I deleted these hard-coded declarations. Every single one of them. Oh and it felt great!
Instead, Rubberduck will now load the referenced type libraries, and perform some black magic COM reflection to discover all the types and their members, and create a Declaration object for the resolver to work with.
This enables things like code inspections specific to a given type library, that only run when that library is referenced:

It also enables locating and browsing through references of not only your code, but also built-in declarations:

Doing this highlighted a major performance issue with the resolver: all of a sudden, there was 50,000 declarations to iterate whenever we were looking for an identifier – and the resolver did an awful job at being efficient there. So I changed that, and now most identifier lookups are O(1), which means the resolver now completes in a fraction of the time it took before.
There’s still lots of room for improvement with the resolver. I started to put it under test – the unit tests for it are surprisingly easy to write, so there’s no excuse anymore; with that done, we’ll know we’re not breaking anything when we start refactoring it.
One of the limitations of v1.x was that project references were being ignored. Well, the resolver is now equipped to start dealing with those – that’s definitely the next step here.
Module/Member Attributes
Another limitation of v1.x was that we couldn’t see module attributes, so if a class had a PredeclaredId, we had no way of knowing – so the resolver essentially treated classes and standard modules the same, to avoid problems.
Well, not anymore.
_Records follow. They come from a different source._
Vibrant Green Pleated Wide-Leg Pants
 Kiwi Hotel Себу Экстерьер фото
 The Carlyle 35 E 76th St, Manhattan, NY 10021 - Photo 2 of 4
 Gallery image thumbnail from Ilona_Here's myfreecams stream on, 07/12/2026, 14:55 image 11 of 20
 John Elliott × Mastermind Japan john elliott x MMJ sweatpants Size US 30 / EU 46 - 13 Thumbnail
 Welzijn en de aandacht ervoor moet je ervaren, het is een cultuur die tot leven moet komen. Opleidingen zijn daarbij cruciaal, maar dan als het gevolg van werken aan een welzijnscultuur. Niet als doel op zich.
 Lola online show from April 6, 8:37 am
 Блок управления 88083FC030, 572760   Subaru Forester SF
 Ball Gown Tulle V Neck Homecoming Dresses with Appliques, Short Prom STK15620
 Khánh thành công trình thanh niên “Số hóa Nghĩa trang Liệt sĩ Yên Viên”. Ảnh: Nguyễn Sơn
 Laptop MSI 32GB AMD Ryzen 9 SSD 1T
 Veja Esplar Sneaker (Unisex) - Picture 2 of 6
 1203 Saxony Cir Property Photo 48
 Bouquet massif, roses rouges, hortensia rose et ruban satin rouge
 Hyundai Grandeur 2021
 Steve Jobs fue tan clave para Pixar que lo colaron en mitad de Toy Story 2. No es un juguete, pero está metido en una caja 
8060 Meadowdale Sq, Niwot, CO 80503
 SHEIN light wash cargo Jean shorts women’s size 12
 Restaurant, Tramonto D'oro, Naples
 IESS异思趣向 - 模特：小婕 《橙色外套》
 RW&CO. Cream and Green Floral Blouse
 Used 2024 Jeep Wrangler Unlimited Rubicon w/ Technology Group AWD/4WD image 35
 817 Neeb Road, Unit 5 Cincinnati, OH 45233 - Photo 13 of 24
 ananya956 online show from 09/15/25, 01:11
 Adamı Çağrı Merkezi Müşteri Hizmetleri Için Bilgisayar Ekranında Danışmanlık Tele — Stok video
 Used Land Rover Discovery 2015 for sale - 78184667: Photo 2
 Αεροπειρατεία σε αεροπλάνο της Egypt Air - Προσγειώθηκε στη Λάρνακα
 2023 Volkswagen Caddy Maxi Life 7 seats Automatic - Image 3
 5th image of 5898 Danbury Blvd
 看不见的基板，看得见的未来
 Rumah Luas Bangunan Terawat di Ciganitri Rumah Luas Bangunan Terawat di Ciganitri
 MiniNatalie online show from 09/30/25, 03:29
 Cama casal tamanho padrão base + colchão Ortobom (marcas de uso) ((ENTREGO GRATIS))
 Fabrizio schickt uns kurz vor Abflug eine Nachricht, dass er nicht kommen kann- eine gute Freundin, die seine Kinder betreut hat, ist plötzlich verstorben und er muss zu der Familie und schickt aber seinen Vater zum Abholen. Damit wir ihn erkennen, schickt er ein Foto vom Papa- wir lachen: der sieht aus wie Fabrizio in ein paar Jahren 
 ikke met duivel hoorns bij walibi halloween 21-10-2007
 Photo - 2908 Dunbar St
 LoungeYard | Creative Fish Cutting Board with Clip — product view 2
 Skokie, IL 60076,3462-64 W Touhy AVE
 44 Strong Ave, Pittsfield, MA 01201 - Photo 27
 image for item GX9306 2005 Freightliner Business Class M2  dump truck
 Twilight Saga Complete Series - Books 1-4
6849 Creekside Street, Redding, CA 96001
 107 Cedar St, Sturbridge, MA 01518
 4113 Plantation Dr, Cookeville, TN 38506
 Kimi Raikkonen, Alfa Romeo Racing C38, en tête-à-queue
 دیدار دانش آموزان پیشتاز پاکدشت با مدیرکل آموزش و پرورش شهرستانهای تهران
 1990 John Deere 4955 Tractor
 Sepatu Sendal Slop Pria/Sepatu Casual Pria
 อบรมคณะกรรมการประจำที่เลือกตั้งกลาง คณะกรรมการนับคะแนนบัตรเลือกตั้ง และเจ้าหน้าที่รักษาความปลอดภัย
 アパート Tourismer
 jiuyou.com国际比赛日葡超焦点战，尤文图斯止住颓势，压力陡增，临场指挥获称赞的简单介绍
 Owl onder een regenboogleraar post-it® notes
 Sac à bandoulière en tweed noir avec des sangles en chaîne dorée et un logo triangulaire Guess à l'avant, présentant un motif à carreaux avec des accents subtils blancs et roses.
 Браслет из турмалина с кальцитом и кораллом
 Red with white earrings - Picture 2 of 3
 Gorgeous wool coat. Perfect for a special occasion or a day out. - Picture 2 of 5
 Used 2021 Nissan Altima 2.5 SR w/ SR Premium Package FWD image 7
The first time we process a VBComponent, we’re silently exporting it to a temporary file, and give the text file to a specialized parser that’s responsible for picking up module and member attributes – then we give these attributes to our “declarations” tree walker, which creates the declaration objects. As a result, we now know that a UserForm module has a PredeclaredId. And if you have a VB_Description attribute for each member, we pick it up – the Code Explorer will even be able to display it as a tooltip!
What about multithreading?
I tried hard. Very hard. I have a commit history to prove it. Perhaps I didn’t try hard enough though. But the parser state simply isn’t thread-safe, and with all the different components listening for parser state events (e.g. StateChanged, which triggers the code inspections to run in the background and the code and todo explorers to refresh), I wasn’t able to get the parser to run a thread-per-module and work in a reliable way.
Add to that, that we intend to make async parsing be triggered by a keyhook that detects keypresses in a code pane, parsing on multiple threads and getting all threads to agree on the current parser state is a notch above what I can achieve all by myself.
So unless a contributor wants to step in and fix this, Rubberduck 2.0 will still be processing the modules sequentially – the difference with 1.x is the tremendous resolver performance improvements, and the fact that we’re no longer blocking the UI thread, so you can continue to browse (and modify!) the code while Rubberduck is working.
What’s left to do for this to work well, now that the parsing and resolving is stabilized, is to allow graceful cancellation of the async task – because if you modify code that’s being parsed or resolved, the parser state is stale before the task even completes.